Comme pour s'affirmer directement en tant que digne successeur de son estimé modèle, Code of Princess entame par une introduction animée, assez longue pour le genre. Une introduction qui nous présente un monde dans lequel humains et monstres cohabitaient autrefois en paix. Bien entendu, ce n'est plus le cas au moment où se déroule le jeu, les attaques de monstres tendent même à se multiplier à travers le royaume. Dans ce contexte, tout à fait propice au départ d'une aventure très classique, nous est présenté une princesse au statut, à l'allure et à la tenue aguicheuse tout aussi classique. Seul son nom vient jouer les agitateurs puisque la jeune femme répond à l’appellation complètement fantasque de Solange Blanchefleur de Lux. Malheureusement, suite à un quiproquo avec l'armée en place, la famille royale est accusée d'être à l'origine de certaines attaques de villages, ce qui oblige la princesse à fuir de son propre royaume, sans oublier d'embarquer la légendaire épée de Luxcalibur. Comme vous l'aurez deviné, la suite est tout aussi prévisible que sa mise en place : Solange va bien évidemment voyager pour mettre fin à cet infâme complot, tout en se faisant de nouveaux amis pour la vie. Un peu plus étonnant dans cet océan de clichés, le ton de l'histoire se veut très détendu voire carrément parodique par moments. Si on ne prendra pas franchement de plaisir à suivre un scénario très convenu, on aura donc un peu plus de chance d'apprécier les dialogues entretenus par des personnages aussi variés qu'Ali la voleuse, Allegro le sage bidon, Lady Zozo la zombie ou encore le guerrier Master T. complètement idiot. Tout en affichant un scénario dont de nombreux beat'em all se passeraient, Code of Princess a donc le bon goût de ne pas se prendre au sérieux, et cela reste appréciable même si le tout ne vole pas toujours bien haut. Les plus difficiles pourront de toutes façons passer les dialogues rapidement grâce à une fonction skip bienvenue, pour ainsi se concentrer sur le gameplay.


Points forts
- Un gameplay riche et dynamique
- Beaucoup de personnages jouables
- L'aspect RPG, très sympathique
- Un contenu impressionnant...
- ... pour une durée de vie qui l'est tout autant
Points faibles
- Techniquement misérable
- Missions principales trop courtes et répétitives
- Une aventure rythmée à la hache
- Difficulté complètement aléatoire
Quel dommage de voir un jeu alignant un contenu si impressionnant passer à côté du succès au contrôle technique.

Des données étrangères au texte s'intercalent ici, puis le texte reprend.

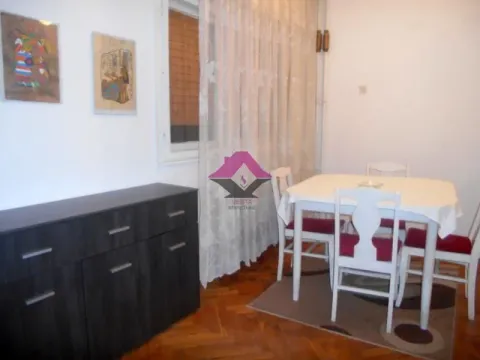 Izdavanje, jednosoban stan, 29m², Palilula Sve Podlokacije, Beograd - image 3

Extrêmement généreux et plein de bonne volonté, Code of Princess peine malheureusement à convaincre sur son aspect le plus important et cela pourrait légitimement suffire à l'oublier. S'il reste très séduisant sur le papier, avec ses nombreux modes de jeu, son gameplay poussé et sa ribambelle de personnages jouables, il convient donc de faire d'importantes concessions pour profiter pleinement de ce Code of Princess, uniquement proposé en dématérialisé en France.